Is Falun Gong a peaceful religion or a dangerous cult? The Chinese government would like us to believe the latter. Ask No Questions, from Jason Loftus and Eric Pedicelli, is a documentary that looks at a 2001 event of self-immolation by Falun Gong members in Tiananmen Square. The Chinese government used that event to crack down the group, and to show the world that they were not persecuting religion, but stopping a dangerous cult. However, Jason Loftus, himself a Falun Gong practitioner who has protested Chinese oppression of the group, has made this film to question what really happened that day. The result is a believable conspiracy theory that it was staged by the government. The film includes interviews with a CNN journalist who was there that day; a Chinese TV producer who was arrested for being involved in Falun Gong, sent to reeducation facilities and labor camp; and others who question what happened and how well it played into the government’s agenda. Now, years after the event, some are again questioning China’s opposition to the group. But perhaps the damage has already been done.
Tahara, directed by Olivia Peace, is a story to teen angst. Following the suicide of a Hebrew school classmate, a group of teens are at synagogue to talk about it. They are all rather out of their depth, but especially Hannah, who is shallow and self-absorbed. Her main focus is her lust for Tristan. Hannah’s best friend, Carrie, is quiet and uncomfortable. But when in the women’s lounge Hannah wants to know if she’s a good kisser, the two girls share a kiss. It means far more to Carrie than it does to Hannah. In and out of the group grief session, the two girls struggle with real and imagined feelings that may tear them apart.
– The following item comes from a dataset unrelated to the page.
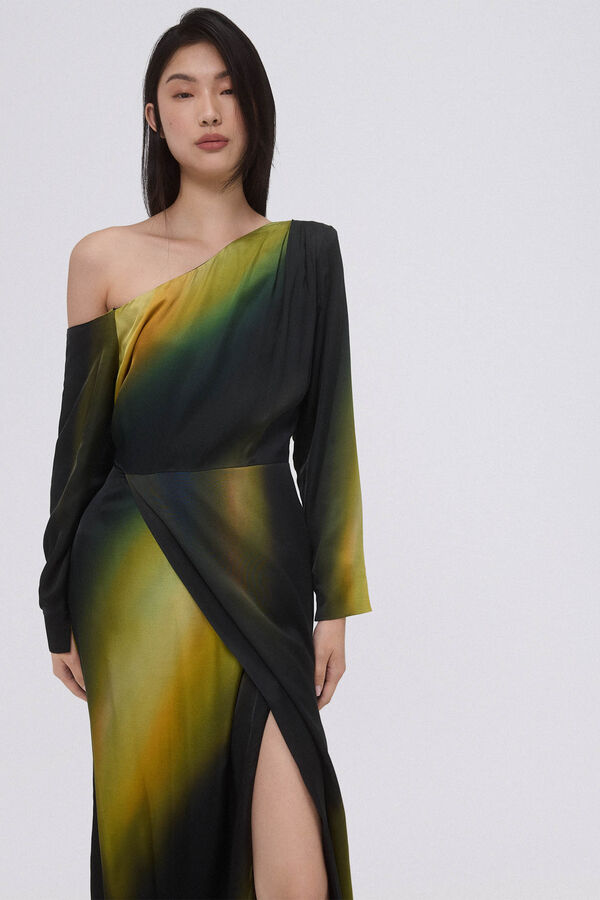 Pedro del Hierro Vestido estampado largo Verde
Ennui seems to be the driving force for the characters in Tapeworm. Set in Winnipeg, it follows a group of loosely connected people as they suffer through their meaningless lives. There is a hypochondriac, a pathetic stand up comedian, a video game player who lives with his mother, a pair of stoners. None of them are at all interesting or call to us to empathize. Promotional comments about the film refer to it as a “cringe comedy” or an “anti-comedy”. You might think that this is an opportunity for an exploration of pathos. Nope.